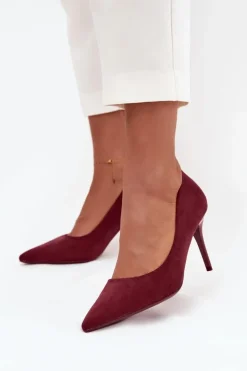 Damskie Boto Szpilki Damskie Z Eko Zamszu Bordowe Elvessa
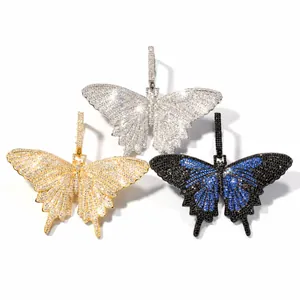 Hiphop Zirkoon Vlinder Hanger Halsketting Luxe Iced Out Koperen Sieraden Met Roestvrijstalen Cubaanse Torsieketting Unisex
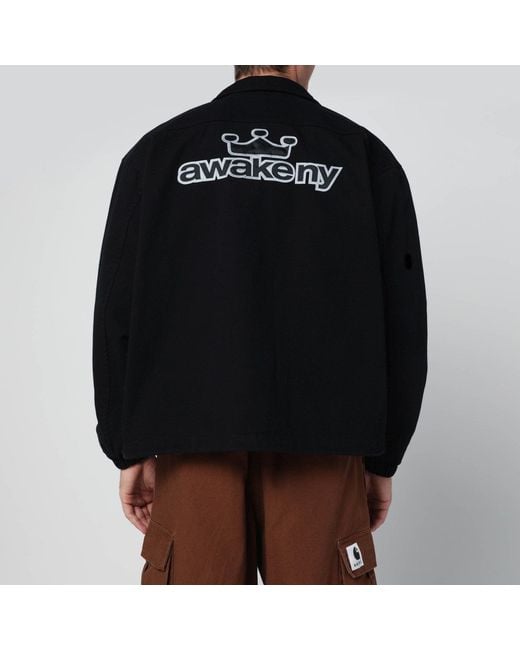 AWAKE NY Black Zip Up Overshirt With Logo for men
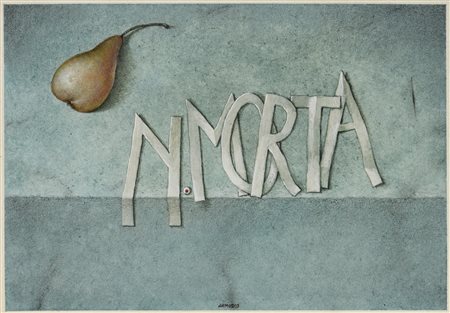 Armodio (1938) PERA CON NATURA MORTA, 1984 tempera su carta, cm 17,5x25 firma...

□ □ □ □

■ Exercise brief
Please print the line that contains "Hiphop Zirkoon Vlinder" along with every later line of the material, exactly, through the last one. Leave pictures out of the copy.

■ Response to the exercise
 Hiphop Zirkoon Vlinder Hanger Halsketting Luxe Iced Out Koperen Sieraden Met Roestvrijstalen Cubaanse Torsieketting Unisex
 AWAKE NY Black Zip Up Overshirt With Logo for men
 Armodio (1938) PERA CON NATURA MORTA, 1984 tempera su carta, cm 17,5x25 firma...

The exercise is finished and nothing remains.